Admittedly, as Sarah points out, this isn't the case all of the time ("Have you seen those ads that say 'senator so-and-so voted for nuclear war' or something outrageous like that? They take tiny portions of a bill and spin them to be something they're not. Happens allll the time")
To which I would respond that the problem with buzzing that type of statement is that those are often inherently subjective along partisan lines,  whereas when "What will you do about the economy?" draws a response of "The American people possess willpower and hearts of gold. I'm going to channel the spirit of the entrepreneur and call down the heavens to lift our economy upwards and onwards," this clearly deserves the bull buzzer, even if we like the candidate. Same with "What are you going to do about health care?" "We're going to bend the cost curve downward and make sure that every American can get quality care".... thanks for that inspiring remark?

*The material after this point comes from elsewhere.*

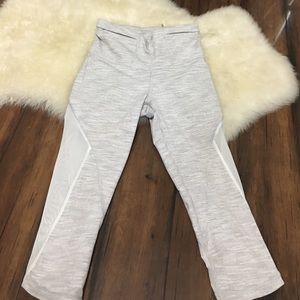 LULULEMON Pace Rival Crop gray mesh
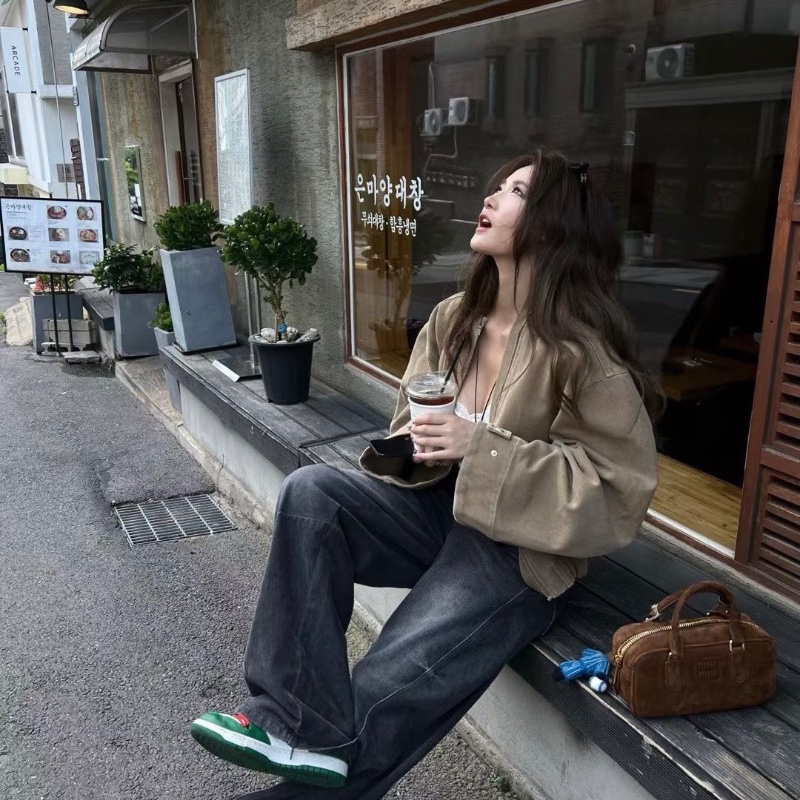 MiuMiu Arcadie小號保齡球咖色金扣麂皮22*11*8  99新配件塵袋-0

 That is all I heard in every presidential debate this year, because nobody wants to say the truth cuz everything is unpopular. However, we need to hear those answers when electing people.
 
Which brings me to a more real strategy for good-hearted, smart politicians:
 
If I were a politician with a soul, and a desire to debate issues, instead of just a stuffed suit with a desire to win, I would write sample bills during the campaign for the two or three biggest issues I want to run on, and then proceed to hammer the living heck out of my opponent for being a wishy-washy, weak, unprincipled flip-flopper who's unwilling to take a stand. One would hope his or her response would be a bill of his or her own. It doesn't even matter if the bill is feasible. We all know bills are subject to compromise and debate. At least this gets a real view out there and gives Americans a sense of what their politician is ideally going to be fighting for. Then you can debate issues instead of "Who has the better speaking voice and more charisma?"
 
This could actually change the tenor of elections substantially. I guarantee Sarah Palin would not have been selected as the Republican nominee for VP if McCain's strategists knew she'd have to do that. Because Hillary is more centrist than Obama, I'd also bet that race would have been even closer, because Obama would have been forced to either debate issues secondary to his agenda (and look like a massive liar if he didn't attack those first), or debate issues on which his agenda borders on (or is) socialist. While Hillary isn't exempt from this problem, it's less of a big deal for her.
 
You'd also likely see a convergence to key issues - who wants to see their opponent have a huge immigration plan and you having no response?
 
The big concern is that politicians would simply avoid hot-button issues completely, in a sort of game-theoretic collusive manner. That does leave the door open for third-party candidates to attack that issue, though, so perhaps that's a good, not a bad.